If that works and the master is getting the traffic, you may have errors in your manual outbound NAT rules, so post screenshots of those.
-
Packet capture shows that all traffic is being received on the second firewall. Currently NAT is set to Automatic, however that shouldn't effect receiving pings on the correct firewall.
-
I have just confirmed with packet capture that firewall1 is receiving all the LAN CARP traffic, just not the WAN.
-
That is rather odd, especially if it is showing as backup. Are these devices plugged into the rear of your cable modem/router? If so you might try plugging them into a separate switch and then uplinking to that, just to eliminate that as a possible cause.
-
Currently I have a connection going from my Comcast Modem to a 24 port Netgear Switch, then from the switch into the two firewalls. For my LAN I have that also plugged into a seperate 24 port switch.
-
Alright I have deleted the WAN CARP IP and re-added and it looks like the primary firewall is now receiving its traffic.
-
Nevermind it has flopped back over to firewall2. Why is it that firewall2 would be receiving all the traffic?
-
Typically that only happens when it takes over as a CARP master.

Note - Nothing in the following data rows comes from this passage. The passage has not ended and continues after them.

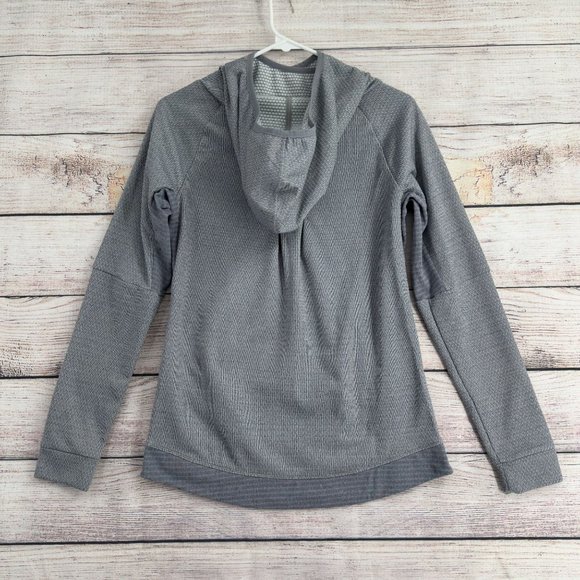 REI Screeline Pullover Hoodie Sweatshirt Women's Size XS Gray Scuba Hood - Picture 2 of 12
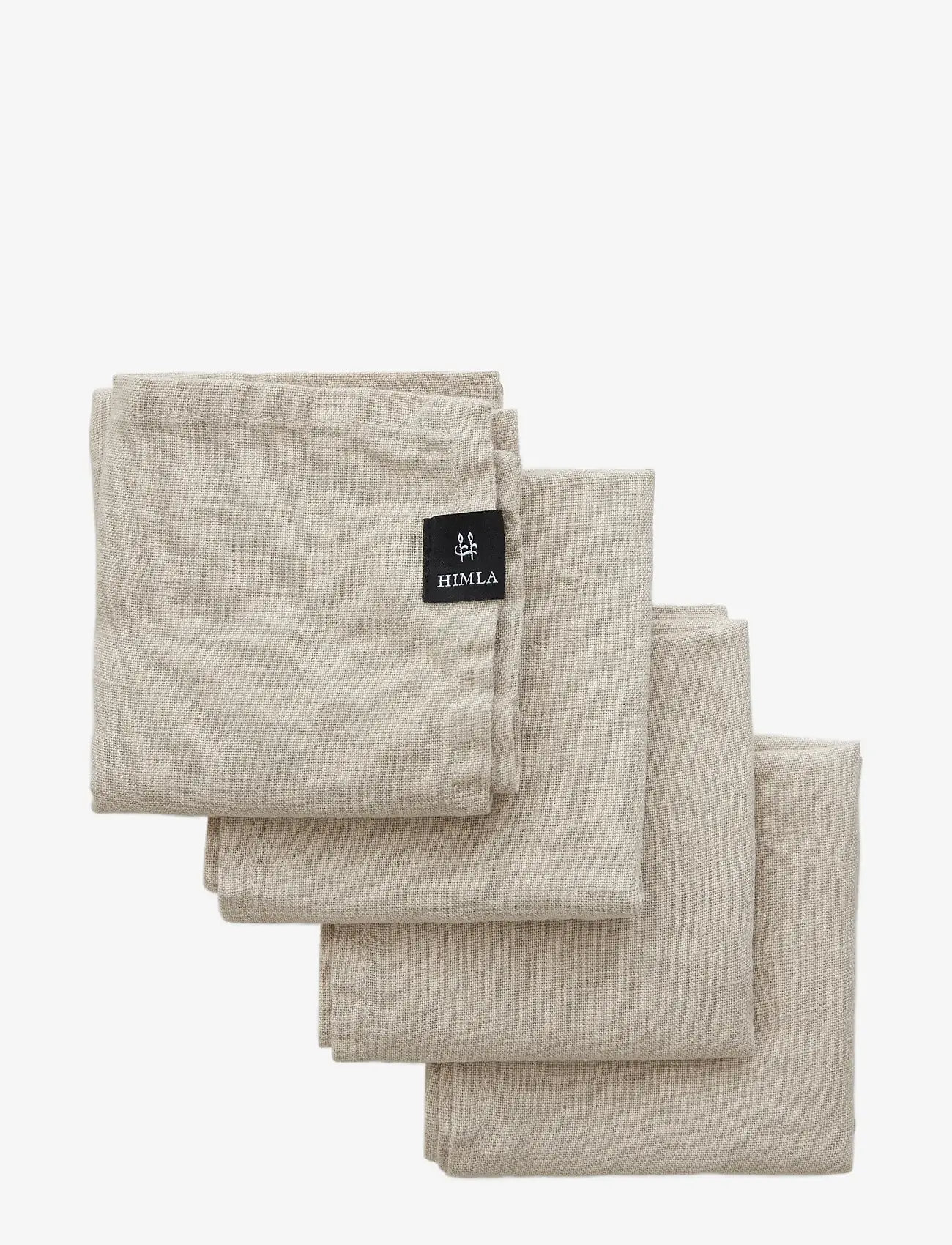 Himla - Sunshine Napkin 4-pack - stofservietter - ash - 0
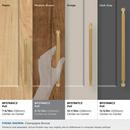 COLLET 8-13/16 INCH 224MM CENTER-TO-CENTER CHAMPAGNE BRONZE CABINET PULL 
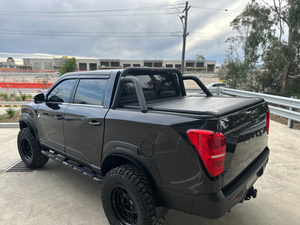 Tapa de cubierta Tonneau a medida para camioneta <span class=keywords><strong>SsangYong</strong></span> Musso, cubierta de persiana enrollable de aluminio, cubierta de cama impermeable - Product Image 4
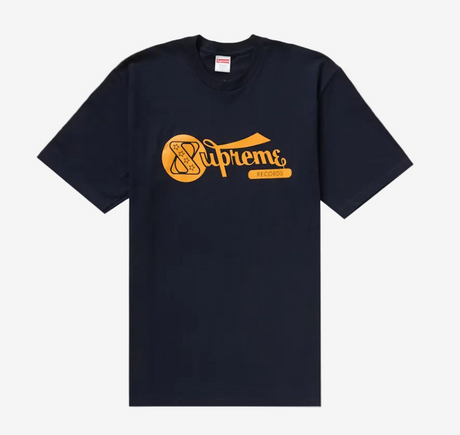 Supreme Records Tee Navy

The only other times I've seen similar CARP craziness was with some really broken switches.
Any way you can try another (perhaps different brand) switch on the WAN side as a test to see if the problem goes away?
-
I have switched from a netgear switch to a linksys switch. I have also changed around the interface IPs and CARP IP. We will see what this delivers.
-
Also could it be a problem with CARP not syncing right? I have changed the virtual IP's on firewall1 and they have yet to reflect on firewall2.
-
No, it wouldn't have much to do with a sync failure.
CARP heartbeats happen on the interfaces where the VIPs reside, i.e. a CARP VIP on WAN sends its heartbeats on WAN.
XMLRPC sync happens over the sync interface, it only handles configuration.
pfsync only happens over the sync interface, it only synchronizes states (insertions, deletions, etc)So a problem with CARP on WAN is nearly always a problem with the switch or connectivity on WAN.